Often church leaders suggest steps for spiritual growth that are based more on tradition than biblical mandates or examples. Offering quick-fix programs for spiritual progress attempts to stencil people into exacting Christian shapes, which threaten the essential focus of intimacy with God, the cornerstone of growing more like Christ. If we believe our relationship with God is based on a checklist of behaviors, we'll be overwhelmed before we begin.
True spiritual growth focuses on developing an intimate, trusting, obedient relationship with God, who daily gives us the grace we need to take the next step in our spiritual journey. People are in different places at different times, with specific needs and hurts that one-size-fits-all spiritual packaging just doesn't fit. God certainly meets us through his Word and prayer, but also through nature, music, relationships, serving, giving, life circumstances, and countless indefinable situations. God created each of us uniquely, and he meets us in ways that are often beyond our expectations or imagination.
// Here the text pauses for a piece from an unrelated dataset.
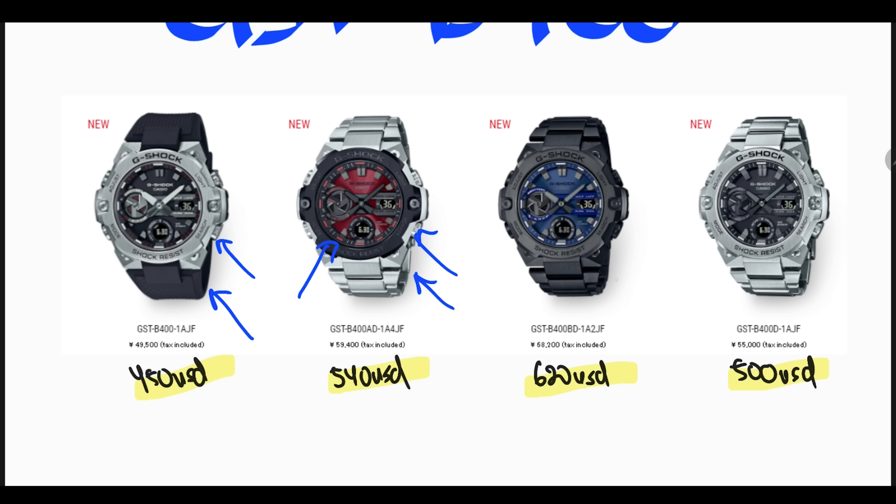The GST-B400BD has a similar stainless steel band and bezel, but with black IP coating, priced at 68,200 Japanese Yen — roughly 620 US dollars. And the last one, for a plain stainless steel look, has both the band and bezel in stainless steel, priced at 55,000 Japanese Yen — 500 US dollars.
That said, spending time contemplating the Word and praying is essential for spiritual growth. Instead of specific formats, however, we should encourage regular discipline that recognizes and maximizes each person's unique situation in a way that will foster lasting life change. The writer of Psalm 119 outlined a variety of creative ways to focus on the Word of God, including asking the Holy Spirit to open his eyes to the truth of Scripture, memorization, speaking the Word out loud, meditation, and musical lyrics based on Scripture. Figuring out how best to hide God's Word in our hearts is an individual process. The key is to be resolved not to neglect the Word of God.
We also need others to help us, such as how Elijah mentored Elisha (1 Kings 19:21). The early Christian church understood that spiritual maturity occurs naturally when we fellowship with other believers. Not only did they spend time ministering and praying together, they regularly ate at each other's homes and met every day in the temple courts. Natural community with other believers encouraged "glad and sincere hearts" (Acts 2:46).
Spiritual growth is dependent on an intimate, vibrant relationship with God, not a prescribed pattern of religious obligations. It requires consistency and self-discipline, but should leave room for flexibility and individuality. Methods should not be mistaken for a formula to follow, but rather seen as tools to help us focus on a greater intimacy with the heavenly Father who loves us more than we can think or imagine.